Thursday, April 09, 2015

Grimm: Mommy Dearest – review

Director: Norberto Barba

First aired: 2014

Contains spoilers

I have to admit that I don’t watch Grimm (see NOTE below). I am aware of it though; a series about a hidden world of creatures – collectively named wesen and based on the Grimm fairytales and other popular monster myths – and the hunters of such creatures known as Grimm.

In essence it is a police procedural drama with a supernatural twist. Detective Nick Burkhardt (David Giuntoli) is the Grimm, blessed with the ability to see the creatures’ true form, with them becoming visible to him when their emotions peak, and the programme charts his adventures with his partner Hank Griffin (Russell Hornsby).

David Giuntoli as Nick
Now, regular readers will be aware that, when reviewing the vampire episode of a TV series, I try to see it in isolation. I had not much choice with this one as it was really in isolation. Therefore the prologue about a woman/wesen giving birth in the Swiss Alps that was flashed back to a couple of times, meant nothing to me at all and seemed to be part of an overriding arc. However it was not distracting and the core episode stood up really quiet well.

at the window
Not that it was entirely a vampire episode, rather it was an aswang episode (of the viscera sucking/child eating variety). It begins with a creature and a ticking noise. A couple, Sam (Alain Uy) and Dana (Tess Paras), had just eaten dinner and he is asked to pick up some pre-natal meds for her (she is heavily pregnant). As he goes out she goes to bed. The creature, which is in a tree, goes to the bedroom window and opens it.

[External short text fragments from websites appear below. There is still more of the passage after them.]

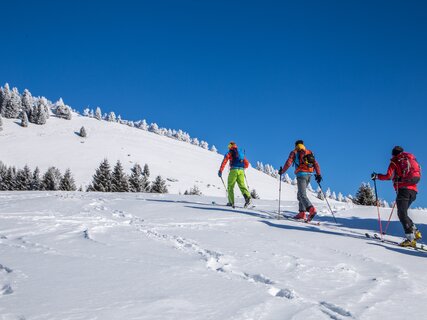Folgaria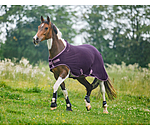 Fleece-Walker Activity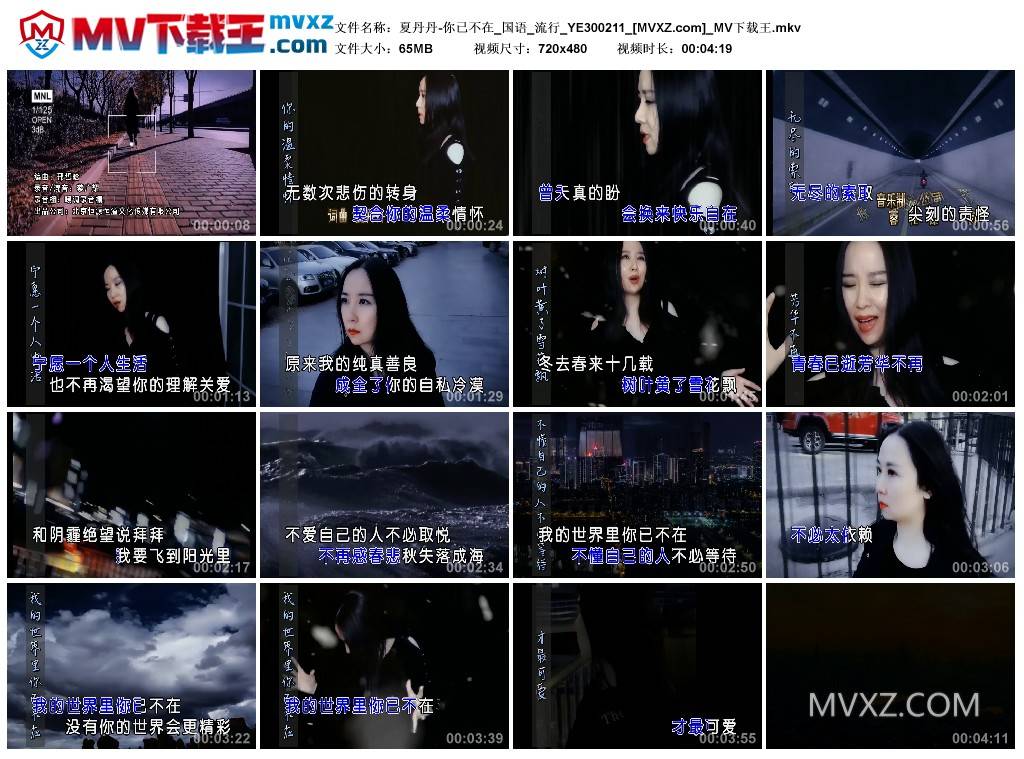 夏丹丹-你已不在_国语_流行_YE300211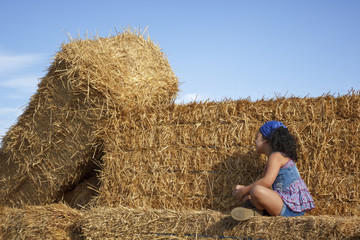Naklejka na ściany i meble Niña pequeña en las alpacas de heno al final de verano. Chica joven disfrutando en el campo de una tarde de verano.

extended tongue in stomach
The aswang’s long tongue passes through the open window and under the sheet where it attacks Dana, waking her. The tongue enters the body via the stomach. Dana pulls herself away and the aswang climbs in the room and fastens itself to the ceiling. It attacks Dana’s stomach again – the woman’s screams alerting a neighbour – Dana is able to cut at the tongue with a broken shard of a lamp that has been smashed in the kerfuffle, causing the aswang to bolt before the neighbour gets upstairs.

Reggie Lee as Wu
One of the first responding cops is Sgt Wu (Reggie Lee), a friend of the couple and (apparently) series regular. He had suggested to the couple that America was a safe place to move to. Before Dana totally passes out she mumbles “aswang” to him. Later she is found to have been drugged by valerian root and remembers nothing of what happened. Wu is not aware of the wesen and Nick tries to keep it that way, even though he is close to the case.

Sam in aswang form
I won’t go into the story but it perhaps is not a spoiler (given the episode title) to reveal that Sam is an aswang and the attacking creature is his mother (Freda Foh Shen). I spoil this so that I can offer the lore that, in this, aswang children are meant to offer their parents their firstborn child as that will help prolong the elder's life. His mother suggests that, without the child, she will die within the month. Her first attack managed to not harm the baby but did drain a lot of the amniotic fluid from the wound (presumably this was drunk through the tongue) without rupturing the amniotic sac.

Russell Hornsby as Hank
Over all this was a well done episode, certainly watchable as a standalone. The creature effect was generally very good – though a struggle at the end led to the creature looking a little too cgi and flat in places. It is always nice to get a bit of aswang action – though, to be fair, this could have expanded on the myths a little bit – especially nice would have been adding a little bit from lore about the volume of the tiktik sound. 6 out of 10.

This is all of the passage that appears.